The loss of Pan Am Flight 103 over Lockerbie at 7.03pm UK time on the evening of 21 December 1988 was a shocking event. A loss made more poignant still by being so close to Christmas.
Lockerbie remains one of the worst aviation disasters in history and the deadliest act of terrorism ever committed in the United Kingdom.
Though 25 years have passed, memories of the 243 passengers, 16 crew and 11 Lockerbie residents who lost their lives on that terrible night have not dimmed.
Over the last quarter of a century much attention has been focused on the perpetrators of the atrocity.
Today our thoughts turn to its victims and to those whose lives have been touched and changed by what happened at Lockerbie that night.
To families, friends, neighbours, loved ones, and all those caught up in the painful process of recovery.

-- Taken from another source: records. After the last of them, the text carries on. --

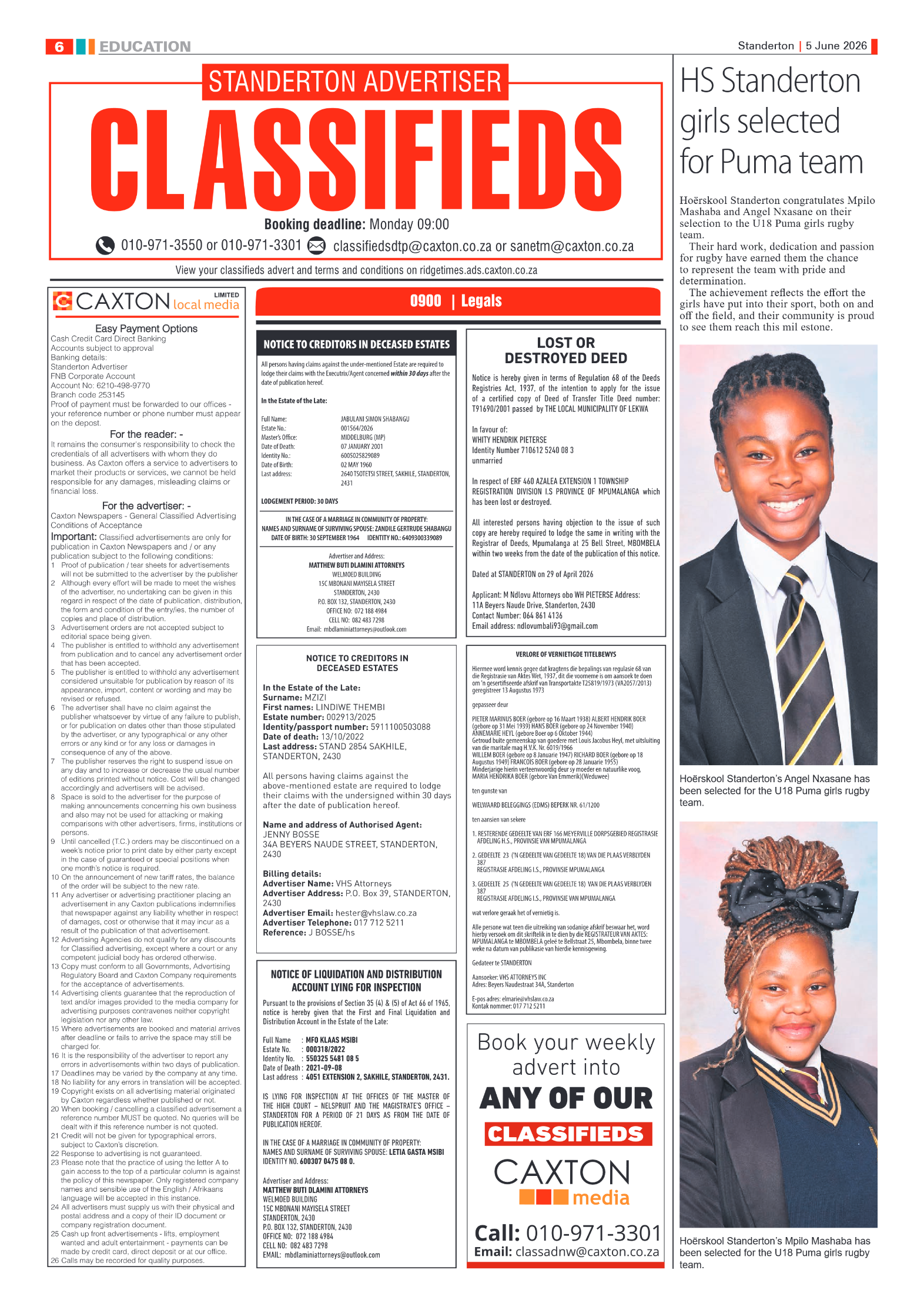 Standerton Advertiser 5 June 2026 page 6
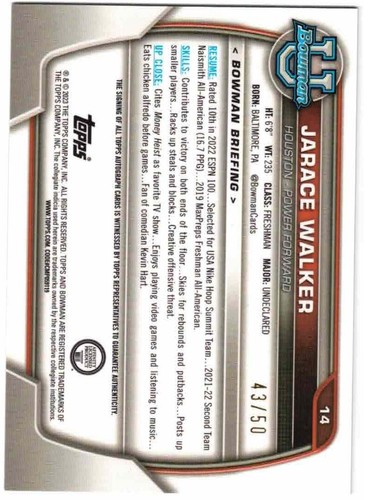 Jarace Walker 22/23 Bowman Chrome U University GOLD Refractor AUTO RC / 50 - Bild 2 von 2
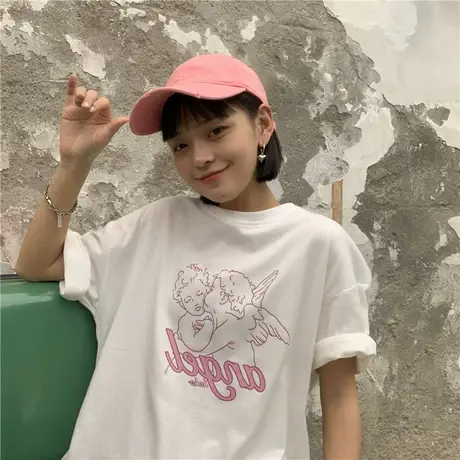 港味学院BF风卡通可爱小天使宽松纯棉百搭短袖T恤女2023夏季新款商品大图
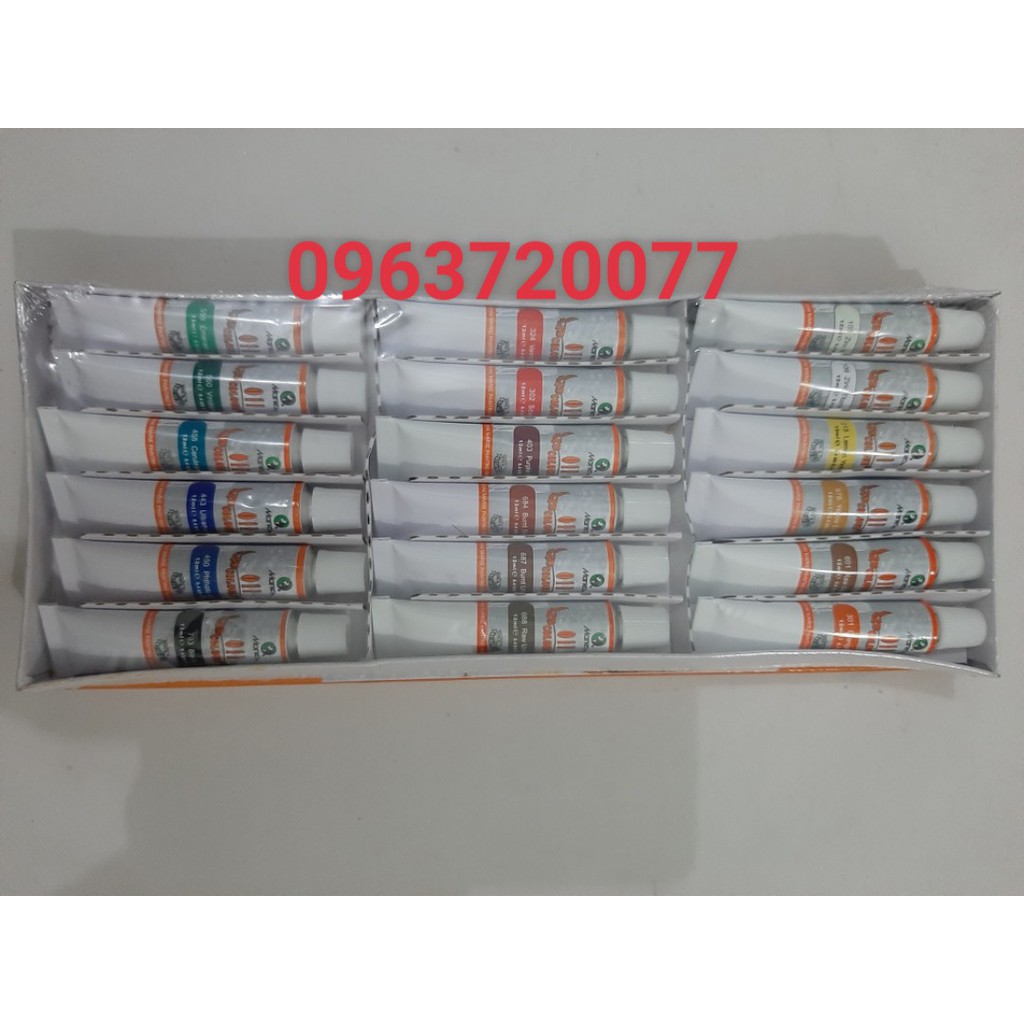 Sơn dầu Maries dang tuýp 12ml, Hộp12 Màu/Hộp 18 Màu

Let us say to them: our admiration for you is unconditional. For the fortitude and resilience you have shown. For your determination never to give up. You have shown that terrorist acts cannot crush the human spirit. That is why terrorism will never prevail.
And even in the darkest moments of grief, it is possible to glimpse the flickering flame of hope.
The tragedy of Pan Am 103 continues to forge a strong bond between Lockerbie Academy and Syracuse University.
Syracuse lost 35 of its own on that fateful evening. Nothing can restore the promise of those young lives cut short. Yet their memory is honoured by the scholarships Syracuse awards each year to 2 Lockerbie students and 35 of its own undergraduates.
They represent a growing band of beneficiaries, each given the chance to fulfil their own youthful promise.
This is the lasting and optimistic legacy bequeathed to future generations on behalf of those who lost their lives on this day 25 years ago and who we remember here today.